» **Input records**:
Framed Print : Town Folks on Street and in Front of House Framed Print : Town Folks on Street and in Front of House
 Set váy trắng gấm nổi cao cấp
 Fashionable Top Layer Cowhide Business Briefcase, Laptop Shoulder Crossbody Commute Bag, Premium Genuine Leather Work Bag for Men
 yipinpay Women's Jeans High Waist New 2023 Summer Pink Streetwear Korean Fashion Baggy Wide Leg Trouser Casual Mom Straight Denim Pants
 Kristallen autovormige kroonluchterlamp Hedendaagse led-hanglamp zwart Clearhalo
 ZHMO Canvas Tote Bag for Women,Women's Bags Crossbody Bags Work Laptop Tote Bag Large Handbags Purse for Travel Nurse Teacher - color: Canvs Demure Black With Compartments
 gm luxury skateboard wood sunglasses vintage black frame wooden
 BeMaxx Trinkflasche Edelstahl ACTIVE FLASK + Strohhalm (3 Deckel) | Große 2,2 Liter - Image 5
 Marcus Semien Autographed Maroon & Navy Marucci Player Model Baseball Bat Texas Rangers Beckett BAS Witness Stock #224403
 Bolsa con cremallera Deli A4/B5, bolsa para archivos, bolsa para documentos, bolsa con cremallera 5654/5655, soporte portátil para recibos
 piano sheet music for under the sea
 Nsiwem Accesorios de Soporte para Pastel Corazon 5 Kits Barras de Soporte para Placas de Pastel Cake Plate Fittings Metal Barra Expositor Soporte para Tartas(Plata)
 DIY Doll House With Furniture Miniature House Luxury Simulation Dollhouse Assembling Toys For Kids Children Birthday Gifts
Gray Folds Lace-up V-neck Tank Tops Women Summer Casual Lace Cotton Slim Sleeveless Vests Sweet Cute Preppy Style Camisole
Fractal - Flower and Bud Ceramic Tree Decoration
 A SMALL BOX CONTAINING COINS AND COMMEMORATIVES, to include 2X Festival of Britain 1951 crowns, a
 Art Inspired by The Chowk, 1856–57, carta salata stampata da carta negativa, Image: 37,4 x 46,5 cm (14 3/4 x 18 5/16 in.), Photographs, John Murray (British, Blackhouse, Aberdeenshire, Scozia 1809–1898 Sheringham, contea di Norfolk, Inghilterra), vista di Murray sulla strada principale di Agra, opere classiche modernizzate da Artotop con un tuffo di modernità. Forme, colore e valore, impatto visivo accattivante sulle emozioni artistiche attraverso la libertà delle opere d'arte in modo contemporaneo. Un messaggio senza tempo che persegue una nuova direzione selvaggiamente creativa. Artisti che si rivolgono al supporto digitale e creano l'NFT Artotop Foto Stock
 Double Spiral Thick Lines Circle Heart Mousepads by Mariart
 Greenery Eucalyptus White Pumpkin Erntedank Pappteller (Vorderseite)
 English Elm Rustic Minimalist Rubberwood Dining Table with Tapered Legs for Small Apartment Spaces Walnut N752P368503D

» **What to produce**: Could you restate, word for word, the lines above from the one with "BeMaxx Trinkflasche Edelstahl" to the one with "Marcus Semien Autographed", both included?

» **Output**:
 BeMaxx Trinkflasche Edelstahl ACTIVE FLASK + Strohhalm (3 Deckel) | Große 2,2 Liter - Image 5
 Marcus Semien Autographed Maroon & Navy Marucci Player Model Baseball Bat Texas Rangers Beckett BAS Witness Stock #224403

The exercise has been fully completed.